■ **GIVEN MATERIAL**:

>>>

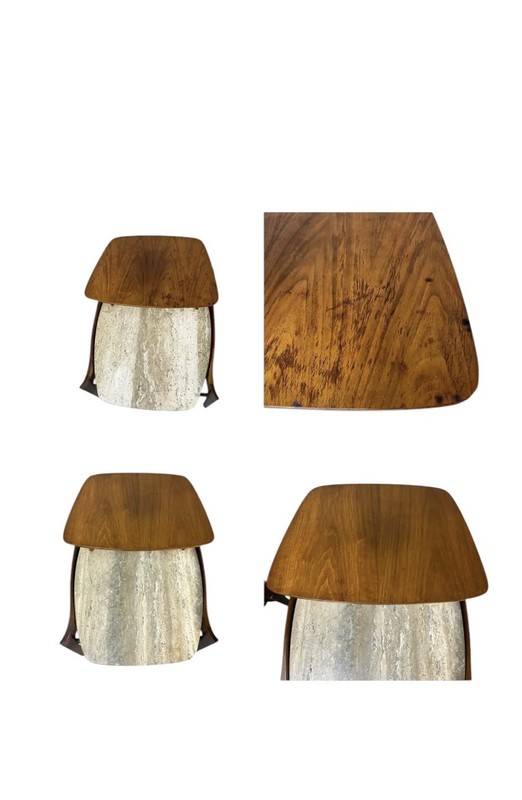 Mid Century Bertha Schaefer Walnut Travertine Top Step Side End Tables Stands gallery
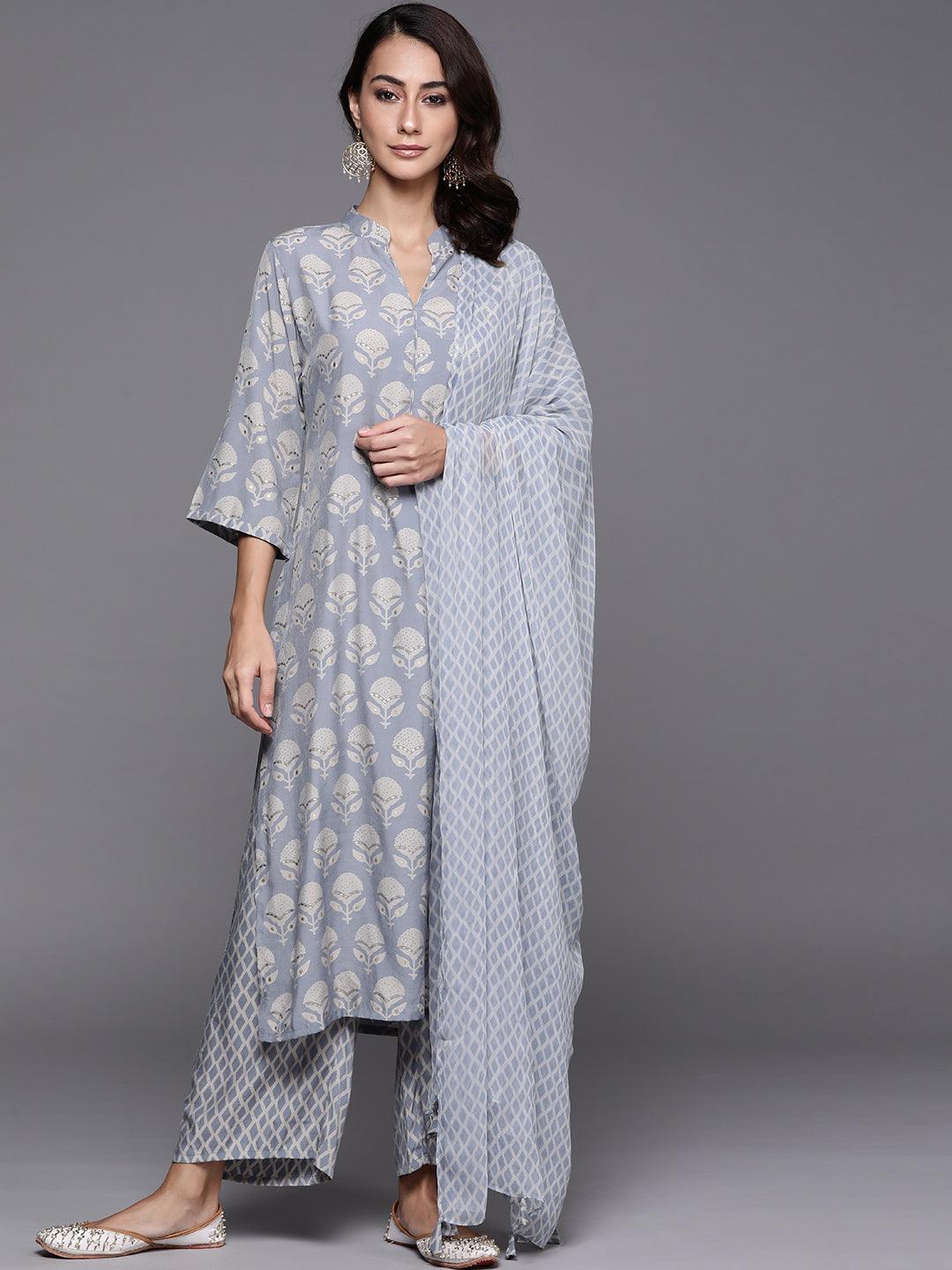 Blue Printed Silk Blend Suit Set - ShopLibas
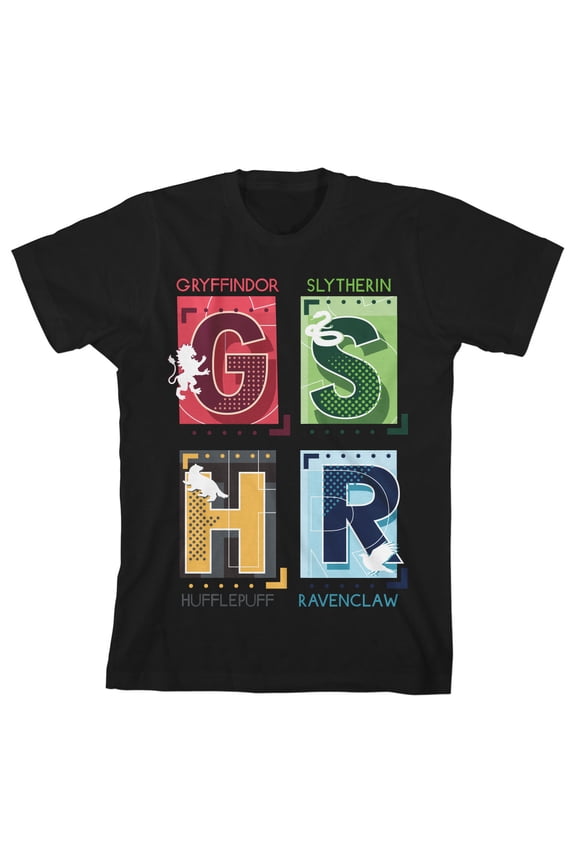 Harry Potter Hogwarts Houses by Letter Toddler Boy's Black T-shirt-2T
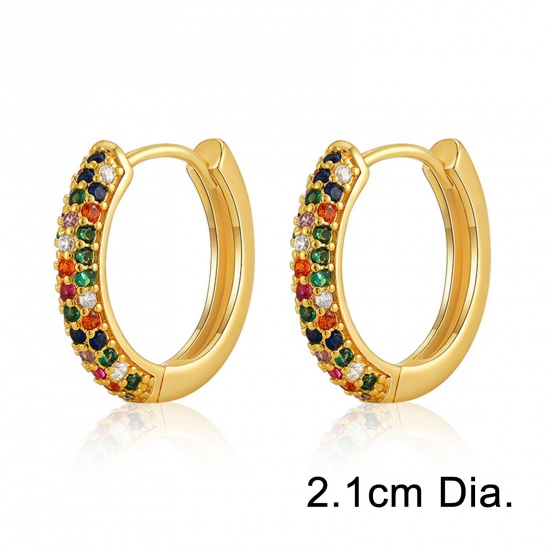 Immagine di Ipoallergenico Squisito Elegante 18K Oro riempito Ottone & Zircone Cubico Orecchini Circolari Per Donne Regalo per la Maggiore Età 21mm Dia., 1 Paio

<<<

Only the lines from the top of the material through the line containing "Harry Potter Hogwarts" should be written out, exactly and without pictures.

■ **OUTPUT FOR THIS EXERCISE**:
 Mid Century Bertha Schaefer Walnut Travertine Top Step Side End Tables Stands gallery
 Blue Printed Silk Blend Suit Set - ShopLibas
 Harry Potter Hogwarts Houses by Letter Toddler Boy's Black T-shirt-2T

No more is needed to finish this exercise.